__The task__.
Repeat exactly the lines of the entries below from the one with "golden surgical steel" through the one with "a boy standing", both ends included, and nothing else.

__Entries supplied__.
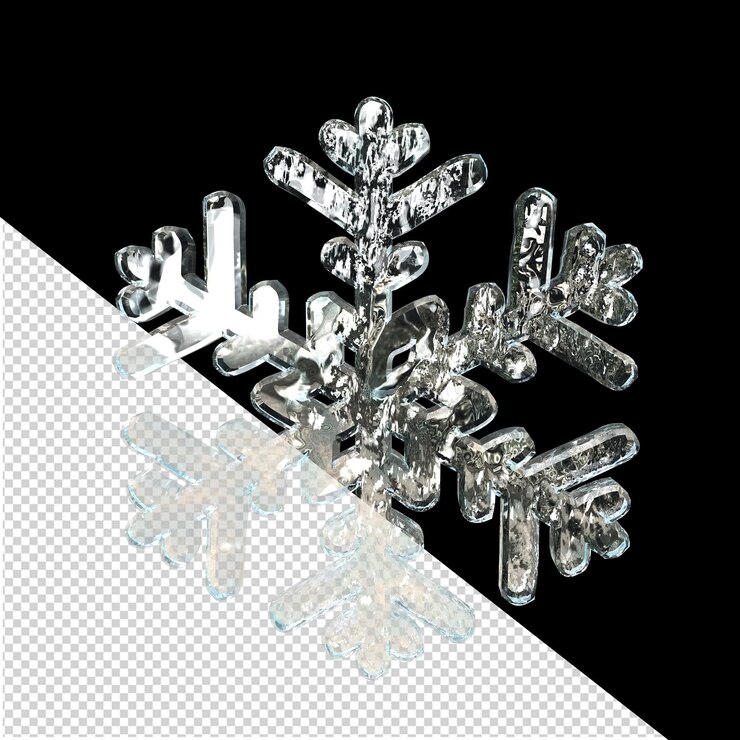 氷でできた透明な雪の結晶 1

...

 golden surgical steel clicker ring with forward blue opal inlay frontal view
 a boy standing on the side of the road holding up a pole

---

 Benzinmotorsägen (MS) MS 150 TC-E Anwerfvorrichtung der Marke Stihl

__Answer box__.
 golden surgical steel clicker ring with forward blue opal inlay frontal view
 a boy standing on the side of the road holding up a pole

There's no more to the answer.